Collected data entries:
◇ ◇ ◇ ◇ ◇ ◇ ◇
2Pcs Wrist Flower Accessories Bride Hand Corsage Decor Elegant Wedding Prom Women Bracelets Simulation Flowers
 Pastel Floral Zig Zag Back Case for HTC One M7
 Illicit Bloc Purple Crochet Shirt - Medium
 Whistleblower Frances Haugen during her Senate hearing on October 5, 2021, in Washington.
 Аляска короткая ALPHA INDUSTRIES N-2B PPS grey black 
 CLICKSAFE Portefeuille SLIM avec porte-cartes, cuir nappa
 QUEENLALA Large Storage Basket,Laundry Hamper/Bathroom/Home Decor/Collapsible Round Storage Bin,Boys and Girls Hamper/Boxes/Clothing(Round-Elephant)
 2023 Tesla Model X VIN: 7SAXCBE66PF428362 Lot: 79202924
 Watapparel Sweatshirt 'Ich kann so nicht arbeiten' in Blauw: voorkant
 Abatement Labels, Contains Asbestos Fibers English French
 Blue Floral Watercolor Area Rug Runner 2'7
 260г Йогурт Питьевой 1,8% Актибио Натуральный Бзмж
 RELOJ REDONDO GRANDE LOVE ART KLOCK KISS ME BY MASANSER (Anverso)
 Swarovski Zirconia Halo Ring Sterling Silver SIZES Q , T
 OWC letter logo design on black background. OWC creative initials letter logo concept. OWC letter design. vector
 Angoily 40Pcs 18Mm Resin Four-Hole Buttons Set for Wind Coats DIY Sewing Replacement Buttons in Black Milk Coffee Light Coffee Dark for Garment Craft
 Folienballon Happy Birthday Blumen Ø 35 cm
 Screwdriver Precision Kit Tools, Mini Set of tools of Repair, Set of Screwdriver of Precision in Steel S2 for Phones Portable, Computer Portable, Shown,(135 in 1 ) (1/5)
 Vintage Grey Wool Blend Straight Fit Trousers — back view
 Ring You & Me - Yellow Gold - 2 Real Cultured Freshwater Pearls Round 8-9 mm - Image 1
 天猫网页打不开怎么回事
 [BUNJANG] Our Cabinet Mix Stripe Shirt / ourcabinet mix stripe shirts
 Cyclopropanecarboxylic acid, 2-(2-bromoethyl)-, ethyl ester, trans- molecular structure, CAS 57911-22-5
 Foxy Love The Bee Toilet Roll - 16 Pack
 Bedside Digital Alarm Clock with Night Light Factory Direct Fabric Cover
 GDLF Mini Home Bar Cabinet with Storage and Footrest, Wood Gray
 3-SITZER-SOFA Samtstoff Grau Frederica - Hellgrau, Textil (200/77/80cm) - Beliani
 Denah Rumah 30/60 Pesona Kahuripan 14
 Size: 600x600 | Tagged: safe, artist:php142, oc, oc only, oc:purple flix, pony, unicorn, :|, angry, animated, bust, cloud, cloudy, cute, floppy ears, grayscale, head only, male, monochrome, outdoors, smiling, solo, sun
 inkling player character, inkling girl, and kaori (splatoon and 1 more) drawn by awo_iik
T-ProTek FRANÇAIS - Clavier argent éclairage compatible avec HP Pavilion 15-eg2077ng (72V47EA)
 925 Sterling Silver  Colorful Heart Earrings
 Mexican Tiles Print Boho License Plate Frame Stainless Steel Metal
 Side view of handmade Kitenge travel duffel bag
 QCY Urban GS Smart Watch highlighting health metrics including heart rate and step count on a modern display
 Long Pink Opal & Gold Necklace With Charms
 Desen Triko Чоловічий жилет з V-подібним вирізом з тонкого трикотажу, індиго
◇ ◇ ◇ ◇ ◇ ◇ ◇
Working from the entries above, find every line in which the word "Silver" occurs and copy it.

> Response box
 Swarovski Zirconia Halo Ring Sterling Silver SIZES Q , T
 925 Sterling Silver  Colorful Heart Earrings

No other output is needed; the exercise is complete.